Long‐term imaging effects in rat liver after a single injection of an iron oxide nanoparticle based MR contrast agent

Purpose To investigate the duration of liver R2* enhancement and pharmacokinetics following administration of an iron oxide nanoparticle in a rat model. Materials and Methods Rats were injected with 0, 1, 2, or 5 mg Fe/kg of NC100150 Injection, and quantitative in vivo 1/T2* liver measurements were obtained between 1 and 133 days after injection. The concentration of NC100150 Injection was determined by relaxometry methods in ex vivo rat liver homogenate. Results At all dose levels, 1/T2* remained greater than control values up to 63 days after injection.
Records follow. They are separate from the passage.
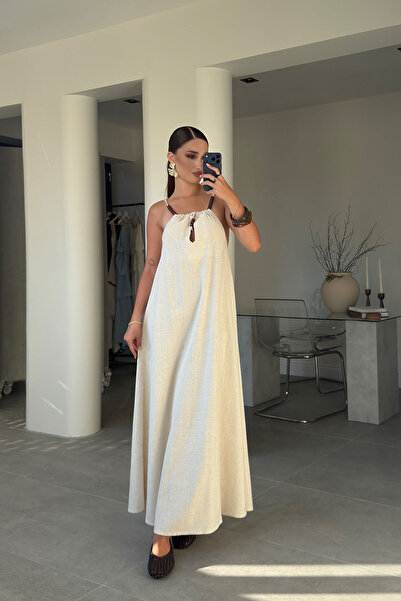 MAGARDE Rochie din in cu mărgele la umeri - BEJ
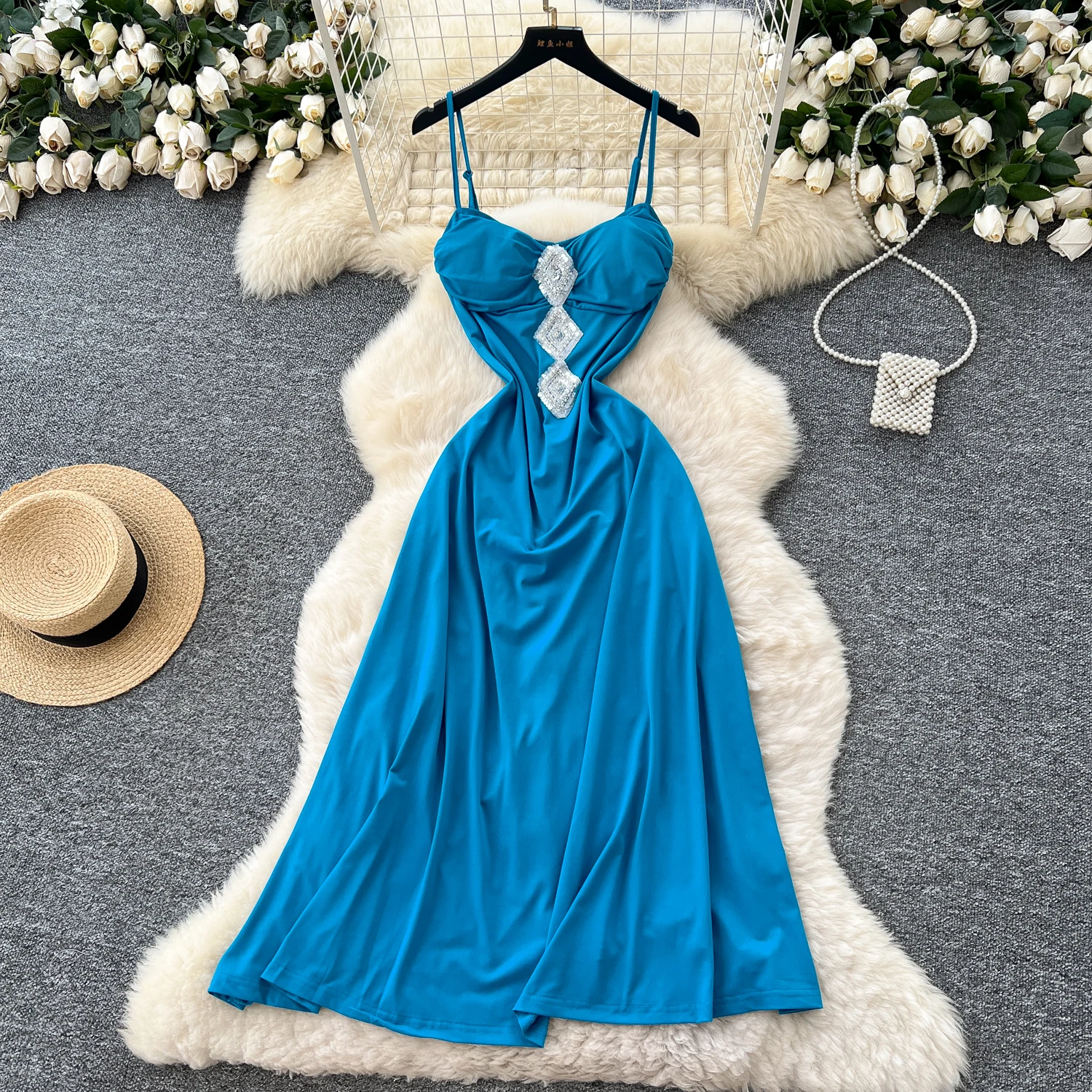 Chic vintage Sexy paillettes senza maniche Fata A-line Summer Women Boho Sundress Beach abbigliamento donna Abito lungo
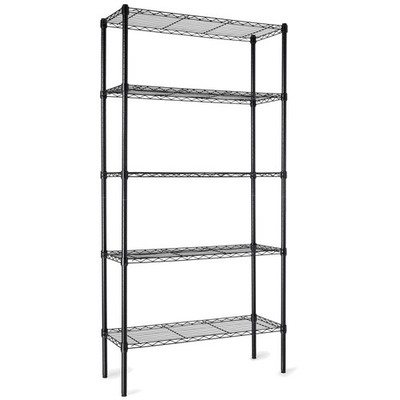 5-Shelf Adjustable Steel Wire Rack - Ideal for Kitchen & Garage Organization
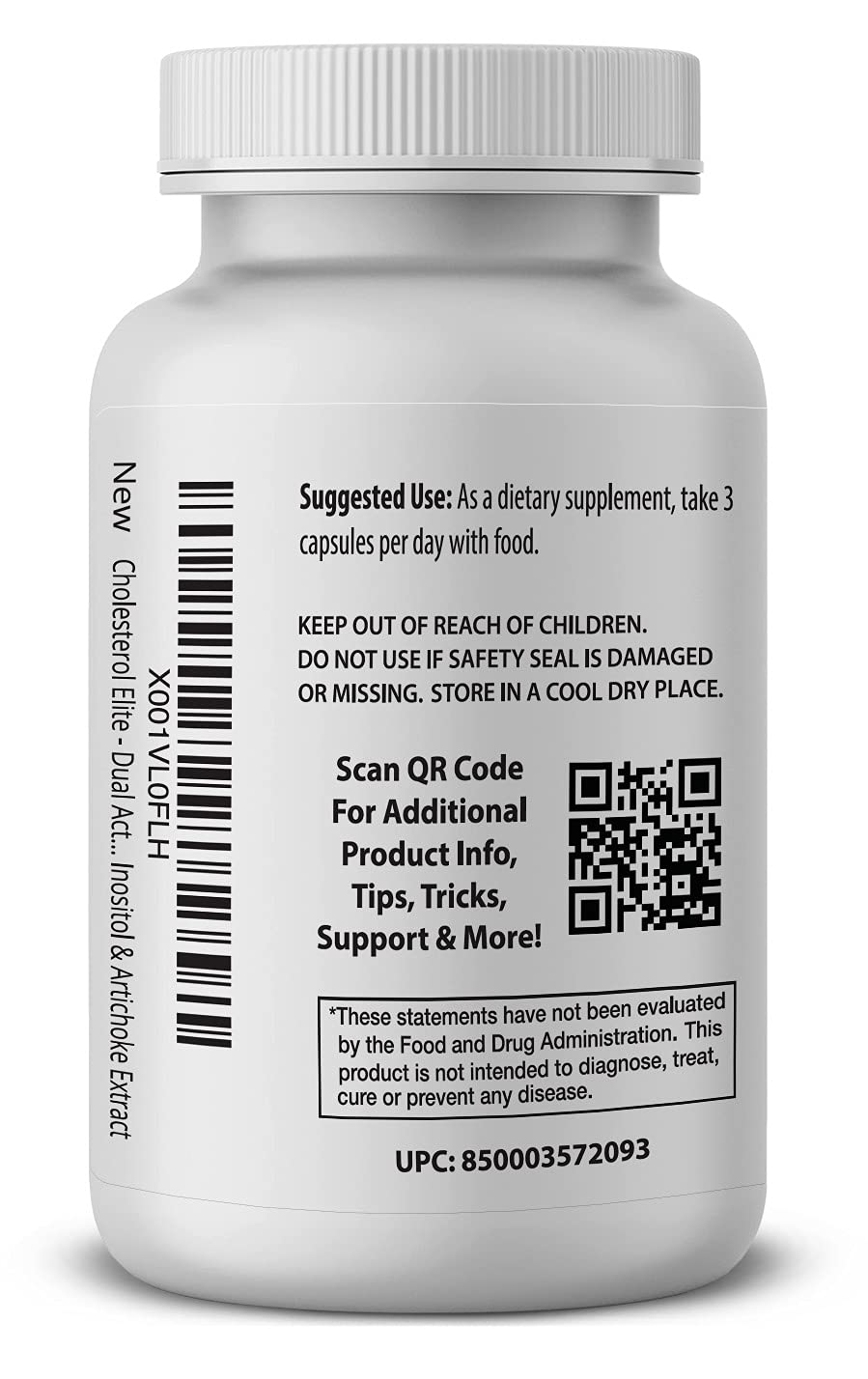 Ingredient panel showing Red Yeast Rice and Garlic Extract in Cholesterol Elite.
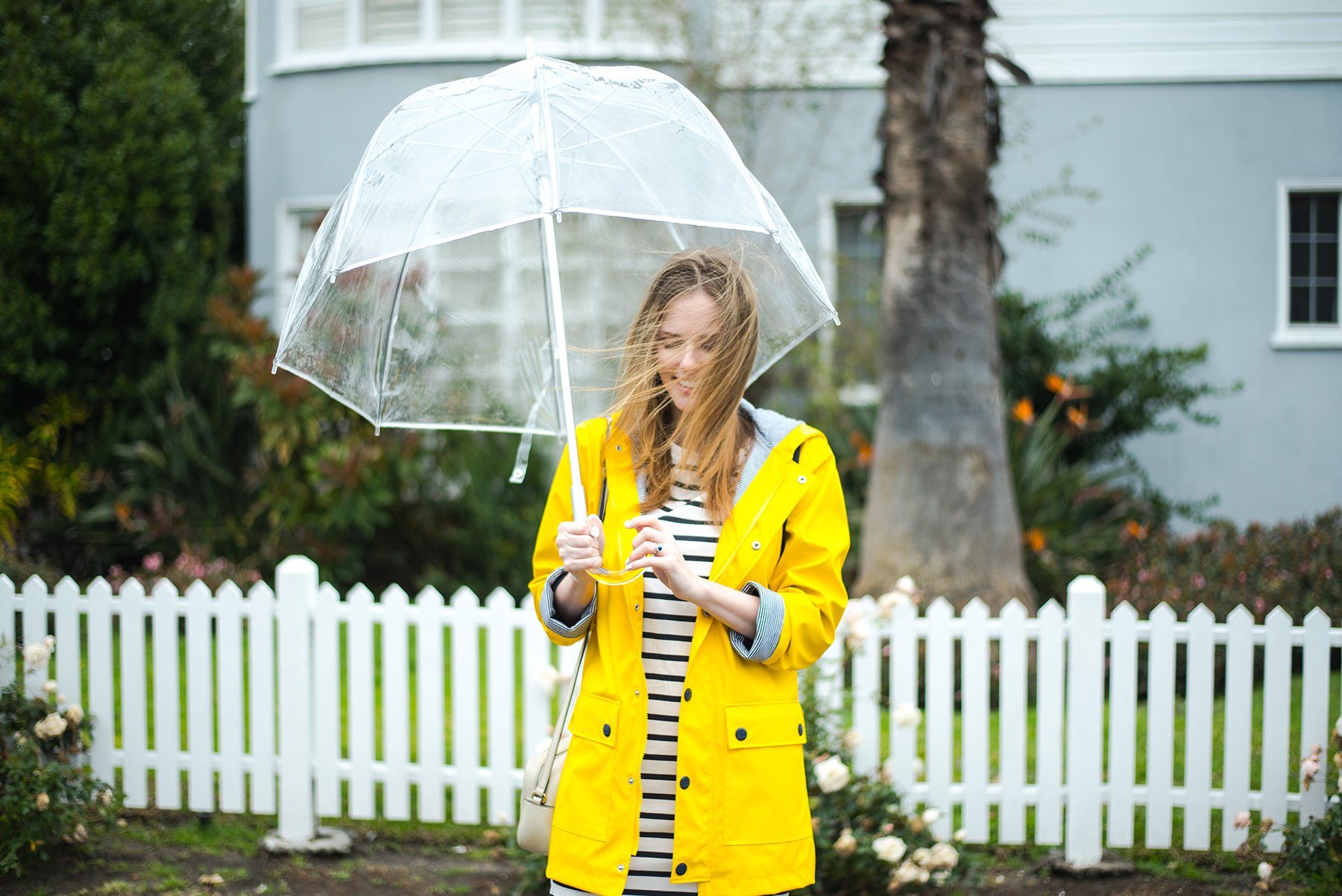 Miss USA 2011 Alyssa Campanella of The A List blog wearing Petit Bateau Rain Coat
In the highest dose group, 1/T2* was above control levels during the entire 133 day time‐course investigated. There were no quantifiable amounts of NC100150 Injection present 63 days after injection in any of the dose groups. The half‐life of NC100150 Injection in rat liver was dose dependent. For the lowest dose group, the degradation of the particles could be defined by a mono‐exponential function with a half‐life of eight days. For the 2 and 5 mg Fe/kg dose groups, the degradation was bi‐exponential with a fast initial decay of seven to eight days followed by a slow terminal decay of 43–46 days. Conclusion NC100150 Injection exhibits prolonged 1/T2* enhancement in rat liver. The liver enhancement persisted at time points when the concentration of iron oxide particles present in the liver was below method detection limits. The prolonged 1/T2* enhancement is likely a result of the particle breakdown products and the induction of ferritin and hemosiderin with increasing iron cores/loading factors. J. Magn. Reson. Imaging 2004;20:622–631. © 2004 Wiley‐Liss, Inc.